In working with Dr. Tong for over a decade in operational psychometrics, a message that she consistently emphasizes is the importance of research to support operational work. Whether it be on a smaller scale such as sharing research during a team meeting or more broadly by submitting journal articles or proposals for conferences like NCME, she continuously encourages the publishing and presenting of work. One aspect of assessment that continues to be a driver for the need to bridge research and practice is online testing. That’s not to imply that the existing research is lacking; rather it needs to be expanded upon particularly given how quickly technology and assessments continue to evolve. Furthermore, the latest version of the Standards for Educational and Psychological Testing was published in 2014, prior to the more recent online testing advancements.

In general, assessments have transitioned from paper-and-pencil to computer-administered to innovative online assessments in a relatively short timeframe. For decades, assessments were paper-based, tending to consist of a large proportion of multiple-choice items and perhaps a few constructed-response items. Then with the increased use of technology in education, assessments started to move online. The assessments didn’t necessarily look all that different (i.e., same item types) but there were benefits to be gained from an online administration. For example, multiple-choice items could be scored instantaneously, automated scoring could be used for constructed-response items, and computer-adaptive testing could be supported. In more recent years, assessments have evolved to utilize online testing to an even greater degree, including the use of innovative item types and the incorporation of accessibility features (e.g., text-to-speech and speech-to-text). Benefits of online testing span the entire assessment development process from item creation to post-administration scoring and reporting, and new solutions and innovations are constantly being developed as technology continues to evolve. Research needs to keep pace with the advancements to help guide operational psychometrics. In the following paragraphs I expand on a few specific areas, including technology-enhanced items, timing data, and mode comparability.

Technology can allow for deeper and more authentic measurement of intended constructs through innovative item types and dynamic stimuli. In terms of item types, a student may be asked to drag and drop answers into the correct location or click on a particular area of a graphic. For dynamic stimuli, a student may be asked to conduct an experiment by working their way through the various steps. With technology-enhanced items, rather than creating a stem and a set of distractors as in the case for a multiple-choice item, the options for technology-enhanced items are essentially unlimited. For example, there is no standard number of draggers or drop bays or hot spots. And with a wide range of item configurations and potential naming conventions, the resulting data for technology-enhanced items are significantly more complex compared to a string of A, B, C, and Ds. Research is needed to refine guidance around item development, the analysis of resulting data, and the feedback loop between item development, content experts, educators, and psychometricians. How can items be constructed such that each score point is discretely defined? How should responses be analyzed and made meaningful to educators and content experts who may be reviewing the items? What statistical analyses are appropriate particularly for items that have multiple parts or dependent scoring? How can accurate scoring be verified? How can items that effectively utilize technology to assess students be distinguished from items that could have just as well been developed as traditional item types? These are just a few of the questions that arise with the implementation of technology-enhanced items.

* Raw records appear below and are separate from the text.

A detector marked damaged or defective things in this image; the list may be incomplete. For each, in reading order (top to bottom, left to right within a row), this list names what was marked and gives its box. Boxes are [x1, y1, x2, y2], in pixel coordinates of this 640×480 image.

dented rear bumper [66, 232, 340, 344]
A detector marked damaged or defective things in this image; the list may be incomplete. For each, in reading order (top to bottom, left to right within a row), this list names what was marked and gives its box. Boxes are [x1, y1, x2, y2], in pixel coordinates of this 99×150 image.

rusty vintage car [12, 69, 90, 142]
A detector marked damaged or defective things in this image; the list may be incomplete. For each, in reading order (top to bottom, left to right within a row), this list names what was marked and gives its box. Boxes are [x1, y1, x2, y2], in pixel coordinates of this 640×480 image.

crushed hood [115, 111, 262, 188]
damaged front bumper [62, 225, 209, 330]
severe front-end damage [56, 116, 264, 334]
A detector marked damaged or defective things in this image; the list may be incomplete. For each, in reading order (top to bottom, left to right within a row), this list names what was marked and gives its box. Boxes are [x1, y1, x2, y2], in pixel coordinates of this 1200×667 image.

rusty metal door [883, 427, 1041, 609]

Another potential benefit of online testing is the ability to capture the amount of time a student spends on each item or cumulatively on an assessment. However, there are a variety of ways in which timing data could be analyzed and utilized to help inform the assessment development process. Should there be guidelines around how long students should spend on an item for every point the item is worth? Should timing data be a piece of information used during data review? What timing information should be included in technical documentation for an assessment? Can timing data be used to effectively detect a security breach? Further exploration is needed around effective use of timing data.

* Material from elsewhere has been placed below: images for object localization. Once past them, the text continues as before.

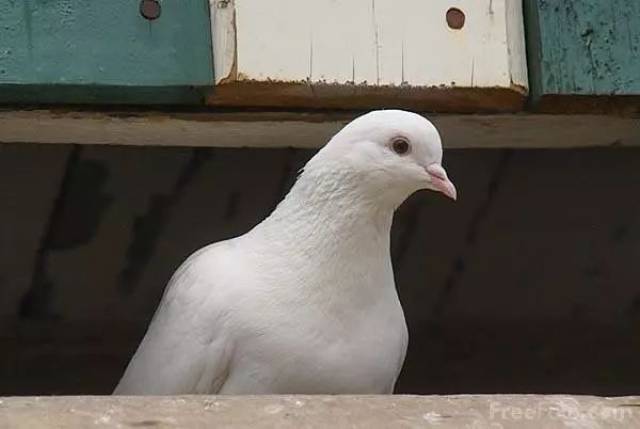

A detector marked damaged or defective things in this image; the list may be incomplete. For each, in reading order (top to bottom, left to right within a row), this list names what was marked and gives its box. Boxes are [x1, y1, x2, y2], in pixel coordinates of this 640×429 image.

rusty nail hole [140, 0, 161, 20]
rusty nail hole [444, 7, 464, 29]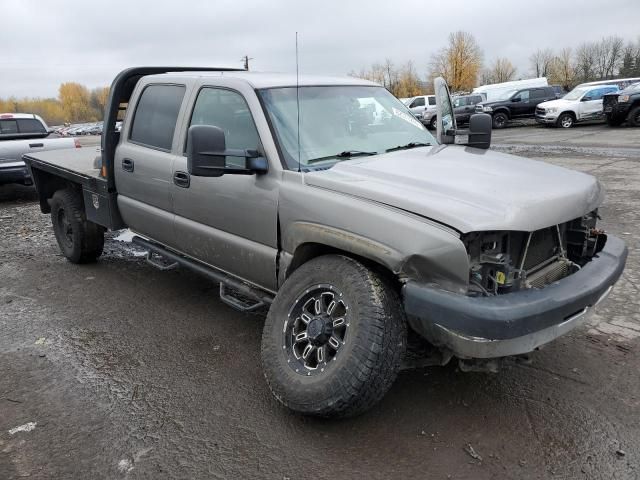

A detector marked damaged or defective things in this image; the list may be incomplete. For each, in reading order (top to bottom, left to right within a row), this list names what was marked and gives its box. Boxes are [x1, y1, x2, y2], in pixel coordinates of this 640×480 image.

crumpled hood [304, 145, 604, 233]
damaged front bumper [402, 234, 628, 358]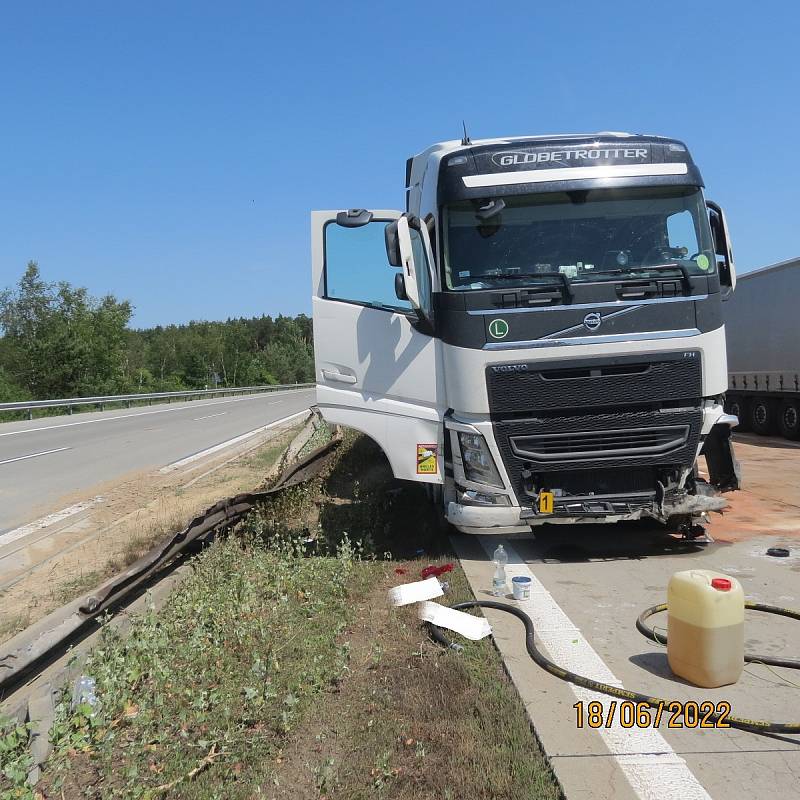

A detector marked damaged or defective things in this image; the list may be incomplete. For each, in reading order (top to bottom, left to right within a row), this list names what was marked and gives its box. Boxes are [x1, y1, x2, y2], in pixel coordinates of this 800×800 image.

Mode differences and/or comparability is an additional area of research that comes with online testing. Even for assessments that are primarily online, there is often a need for a paper form. This may be due to students needing a paper form for accommodation purposes or due to lack of access to online devices or reliable internet. Regardless, attention should be given to address how to handle the assessment being administered via two different modes. Should score adjustments be made to account for mode differences? If so, what methods are most appropriate for calculating the adjustment? Are mode differences stable across devices and demographic subgroups? Do mode differences tend to be consistent for particular grades or cohorts of students? Are mode effects dependent on the type or amount of technology used in instruction? How does having two modes impact the field test plan? Complicating analyses is the possibility that the students who take the paper form might not be reflective of the students who take the online form in terms of ability and demographics.

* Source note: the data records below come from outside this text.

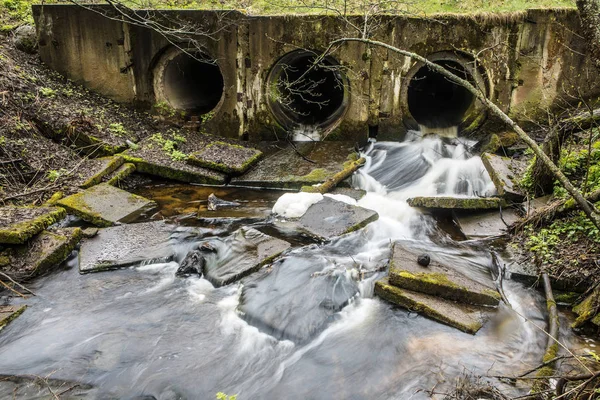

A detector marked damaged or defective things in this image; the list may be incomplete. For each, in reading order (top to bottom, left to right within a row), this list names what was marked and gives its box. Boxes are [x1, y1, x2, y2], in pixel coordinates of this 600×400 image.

broken concrete slab [77, 155, 124, 189]
broken concrete slab [105, 162, 135, 187]
broken concrete slab [124, 131, 232, 184]
broken concrete slab [189, 142, 262, 175]
broken concrete slab [232, 141, 358, 190]
broken concrete slab [478, 153, 524, 203]
broken concrete slab [0, 206, 66, 244]
broken concrete slab [0, 228, 82, 282]
broken concrete slab [56, 183, 157, 227]
broken concrete slab [79, 220, 176, 274]
broken concrete slab [203, 227, 292, 286]
broken concrete slab [288, 197, 378, 241]
broken concrete slab [386, 244, 500, 306]
broken concrete slab [454, 208, 520, 239]
broken concrete slab [0, 306, 26, 328]
broken concrete slab [376, 278, 488, 334]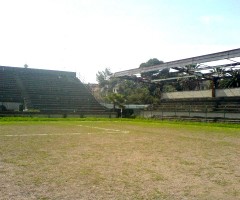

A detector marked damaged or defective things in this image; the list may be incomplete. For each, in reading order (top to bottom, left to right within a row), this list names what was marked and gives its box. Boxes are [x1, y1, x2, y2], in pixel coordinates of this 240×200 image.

rusty steel beam [113, 47, 240, 77]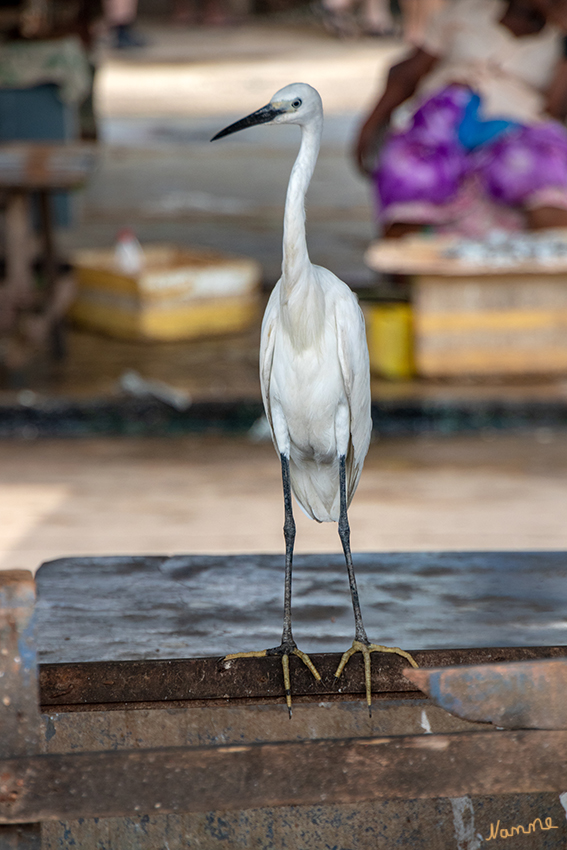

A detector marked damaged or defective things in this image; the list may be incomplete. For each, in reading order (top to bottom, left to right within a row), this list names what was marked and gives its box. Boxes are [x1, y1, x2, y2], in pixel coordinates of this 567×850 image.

rusty metal surface [34, 548, 567, 664]
rusty metal surface [36, 644, 567, 704]
rusty metal surface [406, 656, 567, 728]
rusty metal surface [4, 724, 567, 820]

This article has touched on just a few of the many areas of research needed to support online assessments. Online testing provides numerous opportunities for advancements across the assessment development cycle, including innovative item types, accessibility functionality, automated scoring, computer-adaptive testing, rapid reporting-the list could go on. But with ever-changing technology and continued advancements in assessments comes the need for a robust body of research to support appropriate uses and gain a deeper understanding of best practices. As Dr. Tong leads NCME this year, I am looking forward to seeing progress made in bridging research and practice and our field continuing to advance in ways that ultimately support students and learning.